◆ **RECORDS PROVIDED**:
──────────
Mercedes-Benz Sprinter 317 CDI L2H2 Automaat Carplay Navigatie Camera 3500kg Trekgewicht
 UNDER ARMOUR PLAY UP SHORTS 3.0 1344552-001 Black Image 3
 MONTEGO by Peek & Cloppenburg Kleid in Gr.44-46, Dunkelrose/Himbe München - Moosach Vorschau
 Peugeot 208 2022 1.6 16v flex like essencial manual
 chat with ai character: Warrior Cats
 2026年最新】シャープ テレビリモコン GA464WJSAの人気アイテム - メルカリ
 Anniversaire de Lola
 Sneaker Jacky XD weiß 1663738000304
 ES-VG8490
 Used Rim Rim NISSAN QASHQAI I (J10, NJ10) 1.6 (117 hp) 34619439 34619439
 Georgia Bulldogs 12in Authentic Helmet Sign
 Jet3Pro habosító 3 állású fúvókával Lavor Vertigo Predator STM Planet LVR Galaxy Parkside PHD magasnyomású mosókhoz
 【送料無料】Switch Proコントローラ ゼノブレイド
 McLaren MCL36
──────────
Reproduce the records above exactly.

◆ **EXERCISE SOLUTION**:
Mercedes-Benz Sprinter 317 CDI L2H2 Automaat Carplay Navigatie Camera 3500kg Trekgewicht
 UNDER ARMOUR PLAY UP SHORTS 3.0 1344552-001 Black Image 3
 MONTEGO by Peek & Cloppenburg Kleid in Gr.44-46, Dunkelrose/Himbe München - Moosach Vorschau
 Peugeot 208 2022 1.6 16v flex like essencial manual
 chat with ai character: Warrior Cats
 2026年最新】シャープ テレビリモコン GA464WJSAの人気アイテム - メルカリ
 Anniversaire de Lola
 Sneaker Jacky XD weiß 1663738000304
 ES-VG8490
 Used Rim Rim NISSAN QASHQAI I (J10, NJ10) 1.6 (117 hp) 34619439 34619439
 Georgia Bulldogs 12in Authentic Helmet Sign
 Jet3Pro habosító 3 állású fúvókával Lavor Vertigo Predator STM Planet LVR Galaxy Parkside PHD magasnyomású mosókhoz
 【送料無料】Switch Proコントローラ ゼノブレイド
 McLaren MCL36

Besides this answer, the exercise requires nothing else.